Brief:
The lines below, from the one holding "RUSSELL Size 32" through the one holding "ピンクヴィンテージエスニックプリンセスベビーシャワー 招待状 (正面/裏面)", are to be restated word for word, with all images left out.

Data for review:
- - -
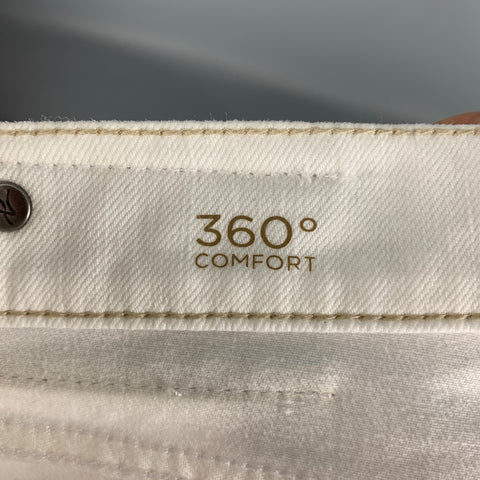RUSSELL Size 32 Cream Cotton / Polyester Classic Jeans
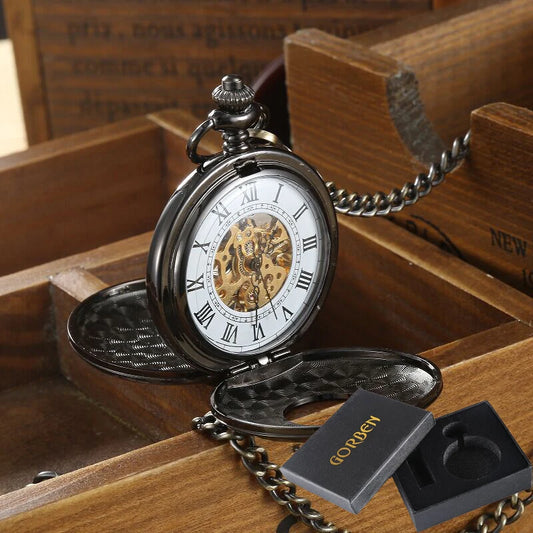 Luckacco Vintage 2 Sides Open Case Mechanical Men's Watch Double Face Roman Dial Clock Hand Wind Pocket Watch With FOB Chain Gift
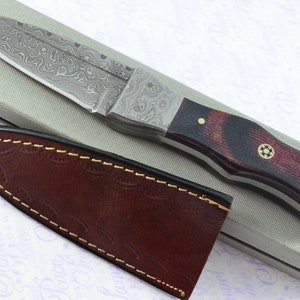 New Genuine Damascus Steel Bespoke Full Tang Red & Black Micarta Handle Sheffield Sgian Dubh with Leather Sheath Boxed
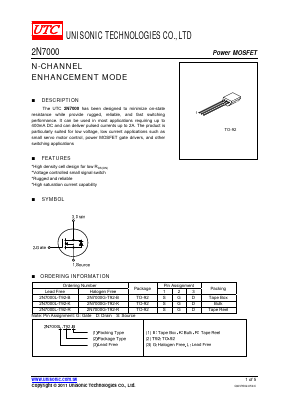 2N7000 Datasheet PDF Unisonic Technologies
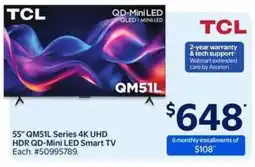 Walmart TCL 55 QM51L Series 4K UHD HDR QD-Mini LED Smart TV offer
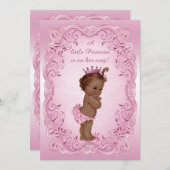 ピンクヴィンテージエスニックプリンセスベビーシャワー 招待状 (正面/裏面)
- - -
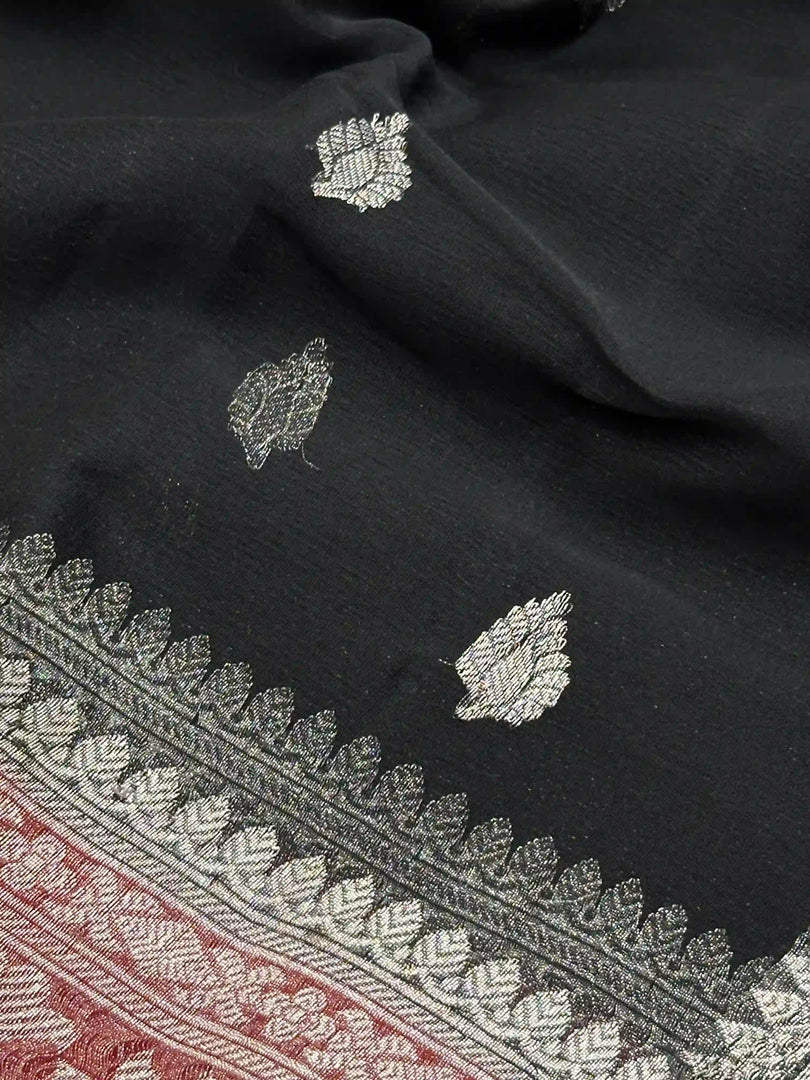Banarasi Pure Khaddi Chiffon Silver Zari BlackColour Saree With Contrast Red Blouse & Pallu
- - -
Response:
RUSSELL Size 32 Cream Cotton / Polyester Classic Jeans
 Luckacco Vintage 2 Sides Open Case Mechanical Men's Watch Double Face Roman Dial Clock Hand Wind Pocket Watch With FOB Chain Gift
 New Genuine Damascus Steel Bespoke Full Tang Red & Black Micarta Handle Sheffield Sgian Dubh with Leather Sheath Boxed
 2N7000 Datasheet PDF Unisonic Technologies
 Walmart TCL 55 QM51L Series 4K UHD HDR QD-Mini LED Smart TV offer
 ピンクヴィンテージエスニックプリンセスベビーシャワー 招待状 (正面/裏面)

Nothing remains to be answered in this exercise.